Arcane did a lot of things right that most game adaptations fail miserably at. Right off the bat, something that strikes anyone viewing it, whether you’ve spent time in Summoner’s Rift or not, is how it makes absolutely no reference to the actual game of League at all. Sure, the characters are pulled from it, but no one ever looks at the camera and says, “I’m used to being in the jungle.” No mention is made of a nexus, towers, minions- as far as we can tell, the 5-on-5 MOBA competition doesn’t exist in Arcane’s world at all. And that’s a great thing.
Movies like Mortal Kombat tend to focus way too much on the shoehorning game mechanics or challenges at the expense of character building, plot, and writing. Rather than waste time lengthily explaining the rules for a game most of its viewers are already familiar with, Arcane gets to flesh out the characters of Vi, Powder, and Jayce. And it means more screen time for the most important character, Heimerdinger’s pet poro.

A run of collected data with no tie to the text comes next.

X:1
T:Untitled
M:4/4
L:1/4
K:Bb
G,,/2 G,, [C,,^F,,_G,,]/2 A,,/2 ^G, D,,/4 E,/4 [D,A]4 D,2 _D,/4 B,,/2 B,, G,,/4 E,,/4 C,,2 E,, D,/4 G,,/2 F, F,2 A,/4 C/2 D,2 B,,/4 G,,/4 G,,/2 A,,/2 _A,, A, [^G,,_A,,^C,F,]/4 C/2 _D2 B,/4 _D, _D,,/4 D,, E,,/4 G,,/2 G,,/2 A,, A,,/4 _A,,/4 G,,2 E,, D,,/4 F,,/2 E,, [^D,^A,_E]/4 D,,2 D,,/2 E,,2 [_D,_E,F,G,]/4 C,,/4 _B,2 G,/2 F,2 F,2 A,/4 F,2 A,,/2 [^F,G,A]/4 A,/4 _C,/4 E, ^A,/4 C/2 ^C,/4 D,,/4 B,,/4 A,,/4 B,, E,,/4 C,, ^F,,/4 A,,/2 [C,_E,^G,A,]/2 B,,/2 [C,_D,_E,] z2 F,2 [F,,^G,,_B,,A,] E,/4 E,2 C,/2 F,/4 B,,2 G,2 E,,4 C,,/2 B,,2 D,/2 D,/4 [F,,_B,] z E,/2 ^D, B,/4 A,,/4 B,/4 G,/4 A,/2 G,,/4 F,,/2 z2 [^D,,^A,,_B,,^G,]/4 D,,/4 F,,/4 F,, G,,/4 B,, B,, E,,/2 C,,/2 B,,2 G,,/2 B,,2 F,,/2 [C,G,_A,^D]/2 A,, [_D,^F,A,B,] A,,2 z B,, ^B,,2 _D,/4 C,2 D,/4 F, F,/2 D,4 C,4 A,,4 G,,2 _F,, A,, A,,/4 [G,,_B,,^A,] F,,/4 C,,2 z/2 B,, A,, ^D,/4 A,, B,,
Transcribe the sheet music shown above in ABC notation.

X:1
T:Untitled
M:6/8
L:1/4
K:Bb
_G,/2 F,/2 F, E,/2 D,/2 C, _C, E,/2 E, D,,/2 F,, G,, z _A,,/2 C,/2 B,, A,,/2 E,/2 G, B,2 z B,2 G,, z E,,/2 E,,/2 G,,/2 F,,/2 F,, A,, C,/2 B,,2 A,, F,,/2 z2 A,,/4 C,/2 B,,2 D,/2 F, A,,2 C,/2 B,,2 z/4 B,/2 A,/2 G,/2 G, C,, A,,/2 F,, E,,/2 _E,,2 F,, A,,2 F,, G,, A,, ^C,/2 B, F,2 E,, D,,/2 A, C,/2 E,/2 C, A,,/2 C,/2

Arcane doesn’t use the plot to justify its game because it doesn’t talk down to its audience. Classic crappy video game adaptations, from The Legend of Zelda to Adventures Of Sonic the Hedgehog, always treated their audiences as clueless children who couldn’t handle an interesting plot. Arcane doesn’t need to treat you like you’re eight just because it knows you play video games; it made a young-adult coming of age story for their largely young-adult fan base, and they made sure that it wrestled with themes and ideas believably and interestingly. Zelda, on the other hand, falls a liiiiiiiittle short of that mark.
While there are plenty of other pitfalls that Arcane avoids – keeping the show animated instead of live-action, not using metafiction to justify your interest in the world – it ultimately succeeds because the plot arises out of the believable interplay of the characters’ emotions. The world of Piltover completely comes from decisions we watch characters make over the course of years- often agonizing over their own misgivings and aspirations.
That being said, I swear to god, in season two, somebody better roll their eyes, point at their support, and say, “I thought you bought the ward for the mid-bush! Ay yai yai!” or the whole show was a complete waste of time.